*** The data ***

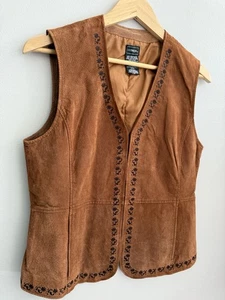 Vintage Outbrook Leather Vest V-Neck Pockets Women’s Sz M Western Embroidered - Picture 1 of 10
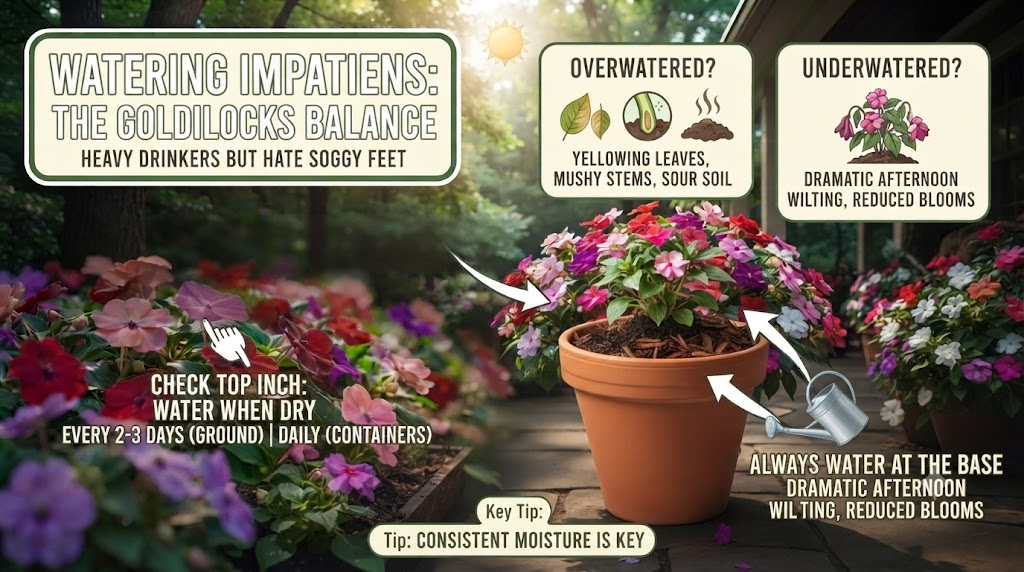 Impatiens Plant Care And Growing Guide Watering impatiens at the base to keep soil evenly moist and prevent disease.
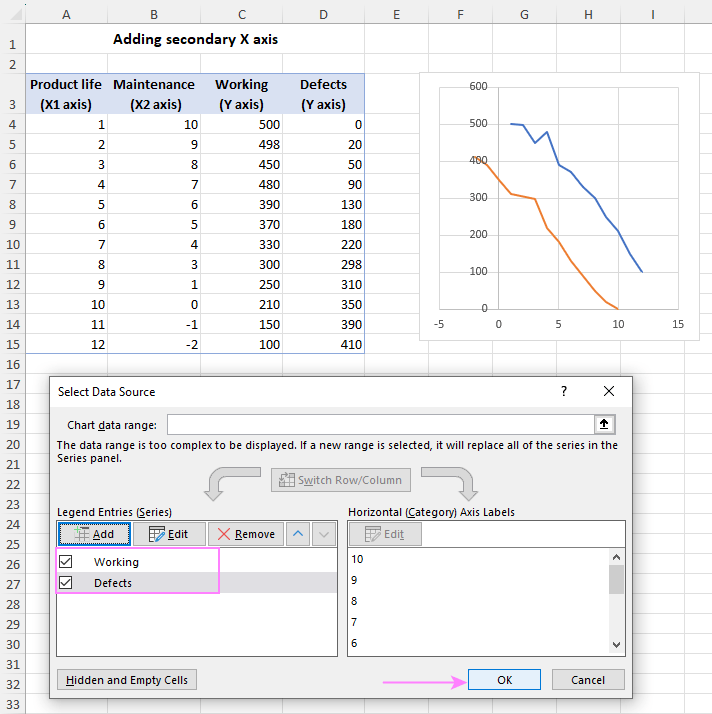 With both data series added, close the Select Data Source dialog box.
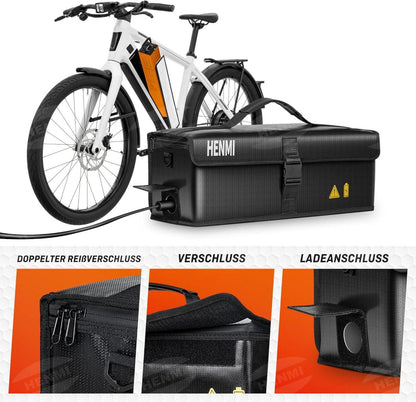 Ebike Akku Tasche 1000°C Feuerfest 49x15x15 cm - Lagern, Transportieren, Laden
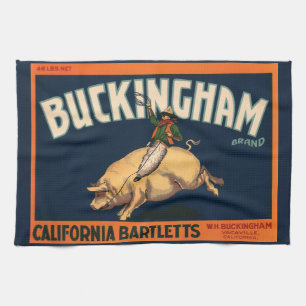 Vintage-Fruchkisten-Etikettenkunst Cowboy auf Schw Geschirrtuch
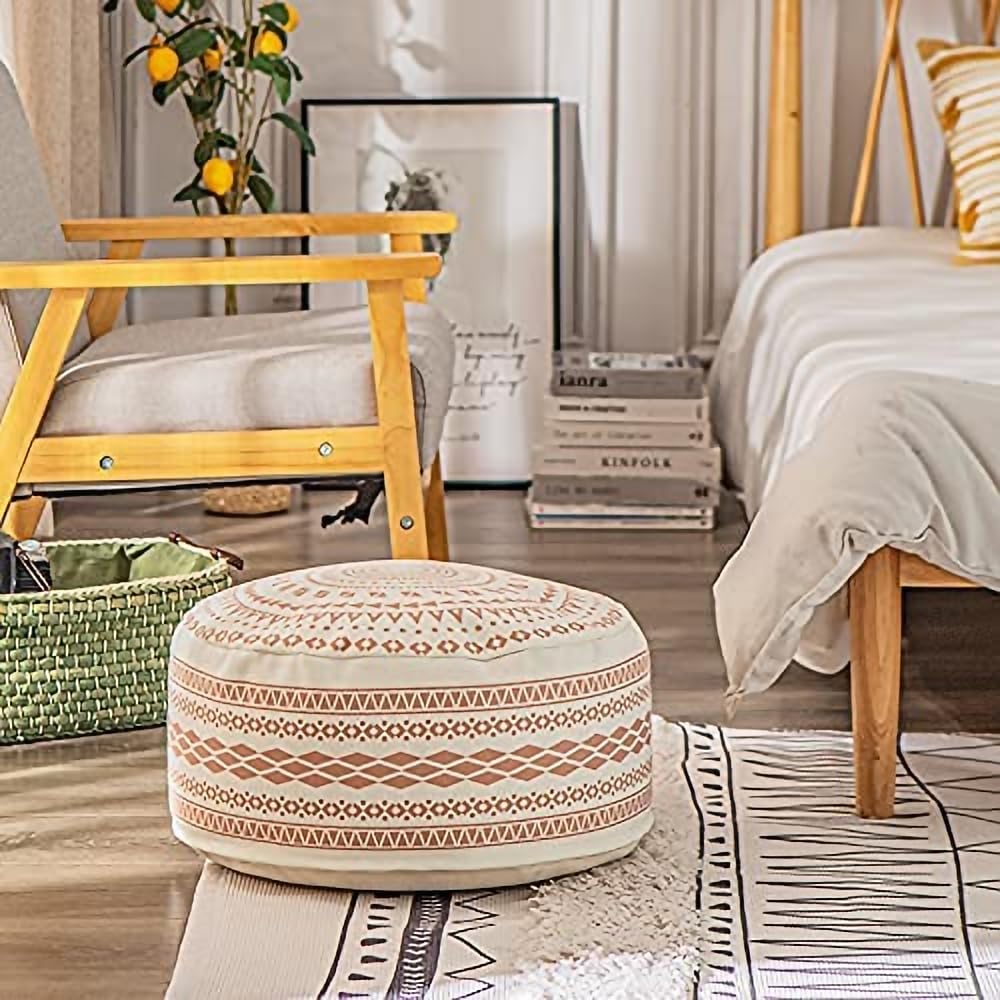 MOCOFO Kolorowy geometryczny okrągły pokrowiec otomana w stylu boho niewyściełana z uchwytem, dekoracyjny podnóżek do salonu sypialni patio (zielony, 45 x 45 x 20 cm)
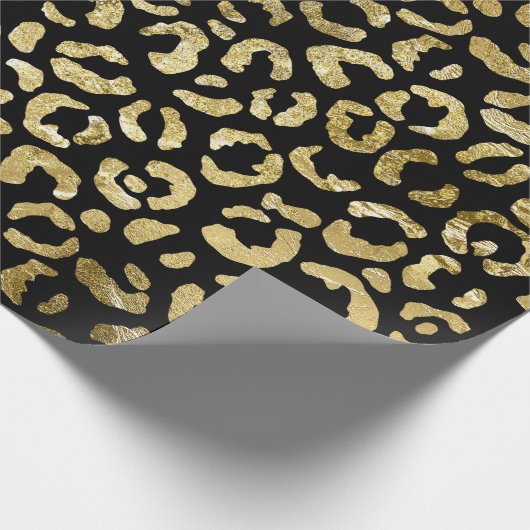 Luxe Glam Gold Black leopard Print Cadeaupapier (Hoek)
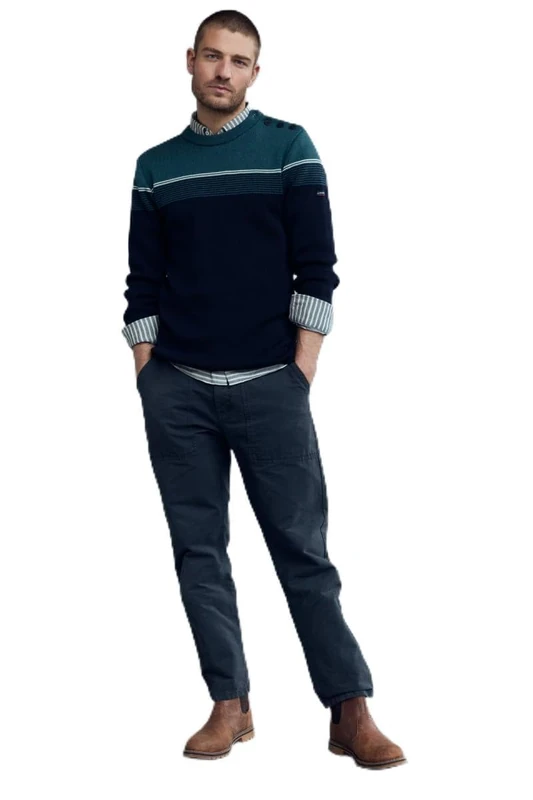 Armor Lux Men's Straight Fit Chino Dress Pants, Deep Navy, 34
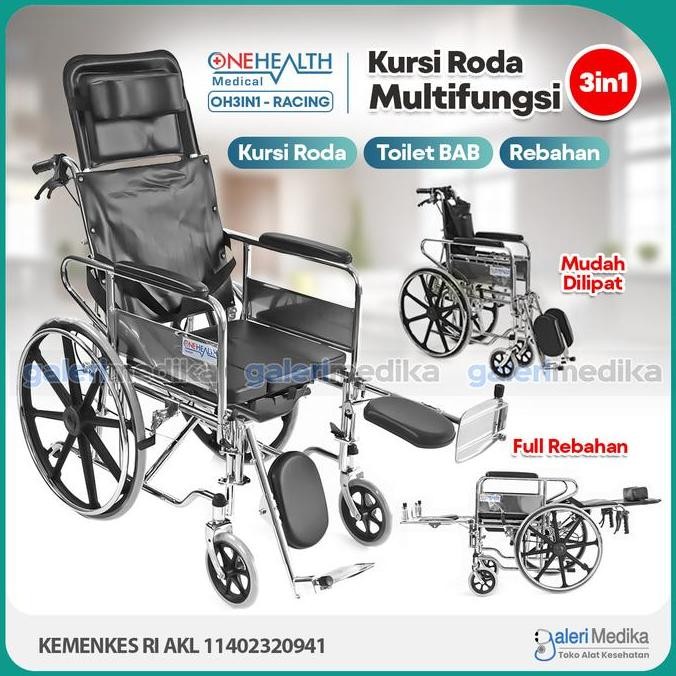 Kursi Roda 3In1 Multifungsi Onehealth / Kursi Roda Multifungsi Oh 3In1 / Kursi Roda 3 In 1 Onehealth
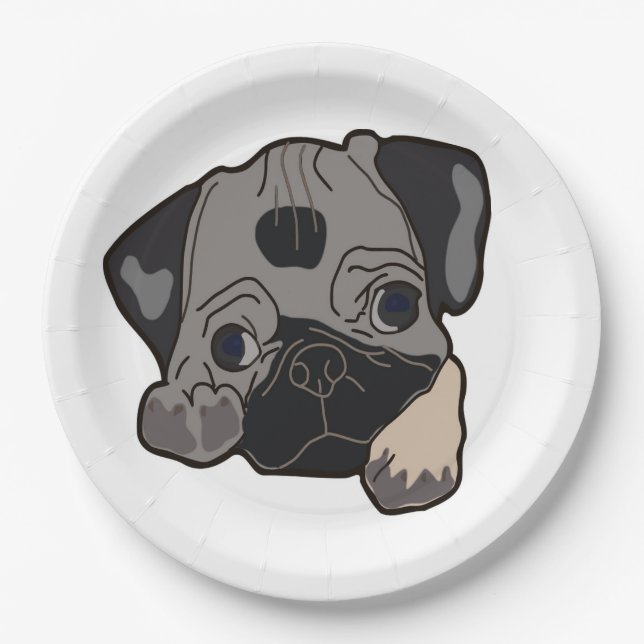 PRATO DE PAPEL PUG PUPPY (Frente)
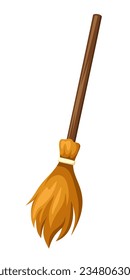 Old witches broom isolated on a white background. Vector illustration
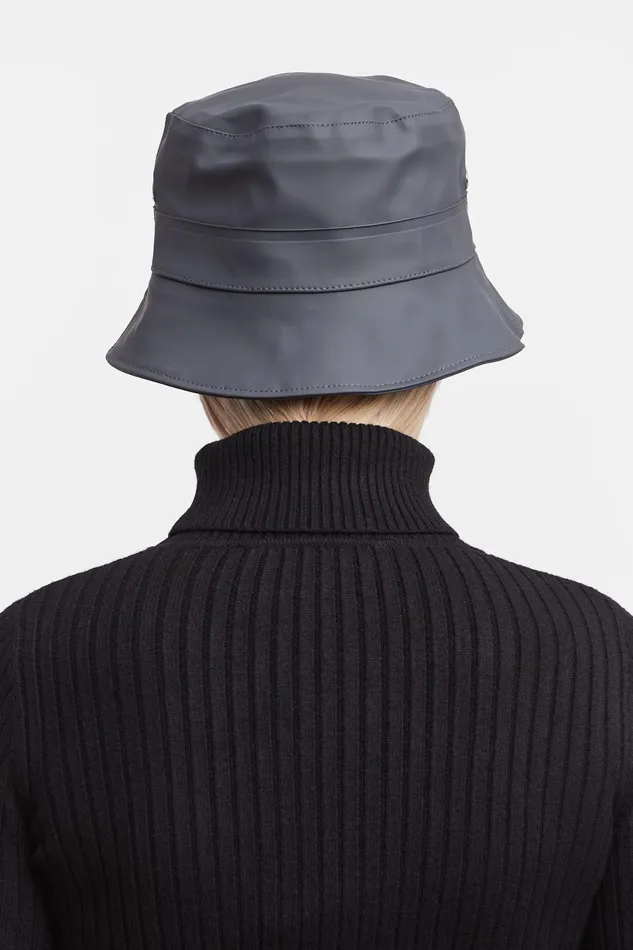 Stutterheim Beckholmen Bucket Hat Charcoal Women Bucket Hats
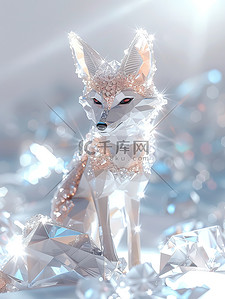 可爱钻石狐狸闪闪发光插画素材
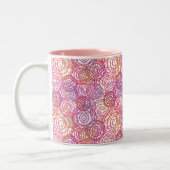 Roze belletjes patroon retro mok (Links)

*** End of The data ***

Quote the lines above exactly, starting with the one that has "Ebike Akku Tasche" and ending with the one that has "Old witches broom"; drop the pictures and include nothing else.

> **Written solution**
 Ebike Akku Tasche 1000°C Feuerfest 49x15x15 cm - Lagern, Transportieren, Laden
 Vintage-Fruchkisten-Etikettenkunst Cowboy auf Schw Geschirrtuch
 MOCOFO Kolorowy geometryczny okrągły pokrowiec otomana w stylu boho niewyściełana z uchwytem, dekoracyjny podnóżek do salonu sypialni patio (zielony, 45 x 45 x 20 cm)
 Luxe Glam Gold Black leopard Print Cadeaupapier (Hoek)
 Armor Lux Men's Straight Fit Chino Dress Pants, Deep Navy, 34
 Kursi Roda 3In1 Multifungsi Onehealth / Kursi Roda Multifungsi Oh 3In1 / Kursi Roda 3 In 1 Onehealth
 PRATO DE PAPEL PUG PUPPY (Frente)
 Old witches broom isolated on a white background. Vector illustration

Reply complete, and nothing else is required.